# Enabling 4GB RAM in XP SP2



## cjoyce1980 (Jul 17, 2007)

I've installed an extra 2GB of RAM in a DELL 745 to mae 4GB, but windows only sees 3GB and its says 4GB in the BIOS.

I've turned page file off and it only still sees 3GB.

How can i make it see this extra gig?


----------



## Wile E (Jul 17, 2007)

Short version = you can't. 

It has to do with the way the 32 bit OS addresses memory spaces.


----------



## HookeyStreet (Jul 17, 2007)

Wile E is correct, 4GB will never be 'shown' in Windows XP


----------



## theonetruewill (Jul 17, 2007)

Windows 32bit can only ever have just under 4GB in total memory. That includes virtual memory, RAM, and Gfx memory.


----------



## Wile E (Jul 17, 2007)

Yeah, you'll have to move to x64 Windows, to make use of it all.


----------



## mikey8684 (Jul 17, 2007)

I also have 4GB ram on XP MCE (32Bit) and VISTA Ultimate (64Bit) in a Dual boot and both say that I only have 3.25GB in the bios & system properties but in system information it says "Total Physical Memory = 4,096MB" ....
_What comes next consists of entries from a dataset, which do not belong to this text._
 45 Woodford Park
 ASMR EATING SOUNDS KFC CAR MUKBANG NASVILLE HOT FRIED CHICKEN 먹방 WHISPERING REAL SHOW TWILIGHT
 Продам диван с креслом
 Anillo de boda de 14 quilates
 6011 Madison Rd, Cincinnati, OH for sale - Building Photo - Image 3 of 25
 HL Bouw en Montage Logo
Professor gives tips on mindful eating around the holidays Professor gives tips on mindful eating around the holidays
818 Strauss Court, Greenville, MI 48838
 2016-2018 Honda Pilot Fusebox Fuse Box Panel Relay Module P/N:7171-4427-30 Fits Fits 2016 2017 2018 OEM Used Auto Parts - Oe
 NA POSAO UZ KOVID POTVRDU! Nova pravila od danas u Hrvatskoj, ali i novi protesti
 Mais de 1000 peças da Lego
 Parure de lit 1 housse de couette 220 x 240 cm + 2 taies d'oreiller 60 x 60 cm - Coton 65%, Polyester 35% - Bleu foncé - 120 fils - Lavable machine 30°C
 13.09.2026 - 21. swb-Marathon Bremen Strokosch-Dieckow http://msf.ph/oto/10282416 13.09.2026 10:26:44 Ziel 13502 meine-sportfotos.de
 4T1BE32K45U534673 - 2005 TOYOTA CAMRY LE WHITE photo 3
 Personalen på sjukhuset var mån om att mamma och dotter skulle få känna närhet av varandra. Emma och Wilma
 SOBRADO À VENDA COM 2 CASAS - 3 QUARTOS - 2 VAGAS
Does this mean that its like I only have 3GB installed or is coz of binary and such that it just cant be displayed in XP ... coz my Vista Ultimate says the same in the mentioned locations but its 64Bit, which I was under the impression that 64Bit could display 4GB or more.

OR AM I JUST CONFUSING THE HELL OUT OF MYSELF AND SHOULD JUST SHUT UP

But the only thing Im woried about is --- is it still performing with the full 4GB or not ...


----------



## tkpenalty (Jul 17, 2007)

Um guys...... ever heard of PAE?


----------



## ex_reven (Jul 17, 2007)

tkpenalty said:


> Um guys...... ever heard of PAE?



that still wont do a full 4 gig...more like 2.9


----------



## Wile E (Jul 17, 2007)

mikey8684 said:


> I also have 4GB ram on XP MCE (32Bit) and VISTA Ultimate (64Bit) in a Dual boot and both say that I only have 3.25GB in the bios & system properties but in system information it says "Total Physical Memory = 4,096MB" ....
> 
> Does this mean that its like I only have 3GB installed or is coz of binary and such that it just cant be displayed in XP ... coz my Vista Ultimate says the same in the mentioned locations but its 64Bit, which I was under the impression that 64Bit could display 4GB or more.
> 
> ...


Go thru your BIOS and look for a feature called Memory Hole Remap (or something similar), and enable it.



tkpenalty said:


> Um guys...... ever heard of PAE?


Still won't show the full 4GB. I get 3.25GB with /pae or /3GB enabled. (Note that the /3GB switch automatically enables PAE)


----------



## mikey8684 (Jul 17, 2007)

Mine must have PAE (Physical Address Extension) enable coz it says it under the hardware list in my computer properties and says I have 3.25GB....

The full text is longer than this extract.